Für immer ist die längste Zeit
von Abby Fabiaschi

Bewertet mit 1.5 Sternen

Madeleine Starling ist vom Dach der Bibliothek in den Tod gestürzt. Wie es dazu kommen konnte, wird erst am Ende des Romans aufgedeckt. Sie hinterlässt Ehemann Brady, der seine Hilfe im Haushalt irgendwann einstellte, weil er es seiner Frau nie recht machen konnte, und die 17-jährige Eve, die zum Beginn des nächsten Schuljahres an ein auswärtiges College wechseln wird. Hilflose Trost-Versuche der  mit ihnen trauernden Nachbarn und Freunde bringen  Eve in Rage; jedes Lob für ihre selbstlose Mutter  interpretiert sie als Kritik am eigenen Egoismus – und dem ihres Vaters. Vater und Tochter machen sich Vorwürfe, weil sie zu Maddys Lebzeiten ihre Bemutterung selbstverständlich hinnahmen und ihr niemals dankten. Während  Mann und Tochter Maddys plötzlichen Tod zu verarbeiten suchen, kann Maddy selbst ihre Familie nicht loslassen. Auf einer Wolke schwebend, versucht sie die Wege ihrer Lieben von dort oben herab  zu lenken. Engel können das, als hätten sie einen Zauberstab. Dass  es  am Boden  nicht ohne sie  geht, scheint Maddy sogar mit Befriedigung zu erfüllen. Brady braucht möglichst bald eine neue Frau, beschließt sie; denn allein würde er hilflos  dem Schlachtfeld gegenüber stehen, in das er das Haus innerhalb kürzester Zeit verwandelt. Mit Blick auf ihre  College-Bewerbung  nimmt Eve Nachhilfe bei  Rory, einer Lehrerin in den besten Jahren, die Maddy von ihrer Wolke herab zu Bradys neuer Frau bestimmt hat. Selbst die Sozialstunden, zu denen Eve nach einem leichtsinnigen Autounfall verknackt wird, erweisen sich als Segen für sie.
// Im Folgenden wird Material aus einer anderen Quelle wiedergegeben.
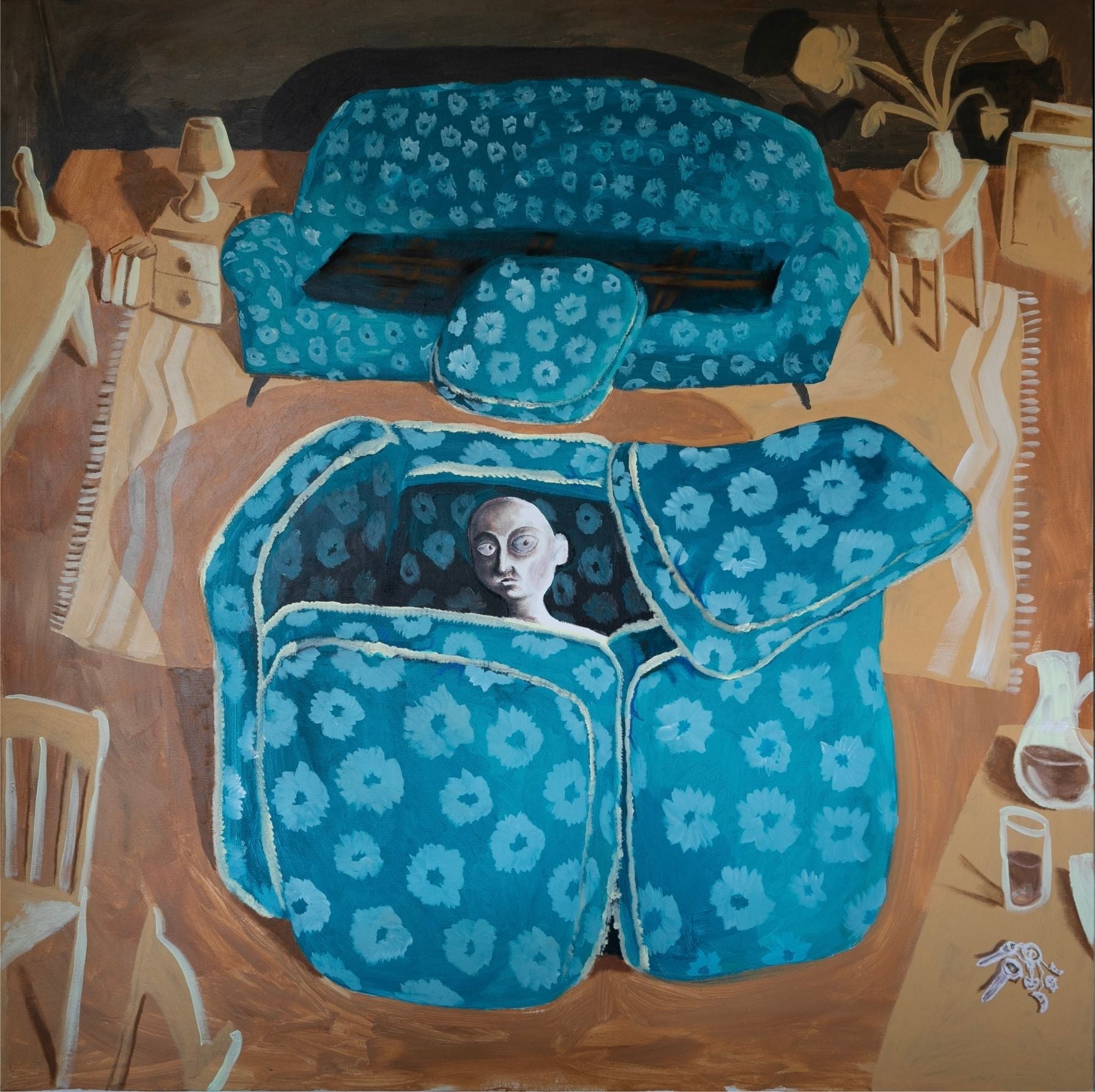 Bu Acımasız Dünyaya Karşı Tek Gerçek Sığınak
Maddys Tagebuch, das Eve vom Vater kontrolliert in winzigen Abschnitten lesen darf, könnte das Rätsel um ihren Tod lösen. Da Maddy auf eine Familiengeschichte mit Alkoholismus und Depressionen zurückblickt, könnte auch sie an Depressionen gelitten haben. - Beim Umgang mit dem Thema Depression hätte Abby Fabiaschi  größeres Fingerspitzengefühl zeigen können. Ob jemand an Depressionen leiden darf, ist keine Ermessenssache Außenstehender. Zu absurden Beiträgen von Romanfiguren  zum Thema Depression wünsche ich mir auch in einem fiktiven Text Widerspruch. - Überrumpelt vom Zusammenleben mit einer 17-Jährigen, die er  bisher kaum wahrnahm, hat Brady  leider wenig mehr zu bieten, als Eve autoritär abzukanzeln. 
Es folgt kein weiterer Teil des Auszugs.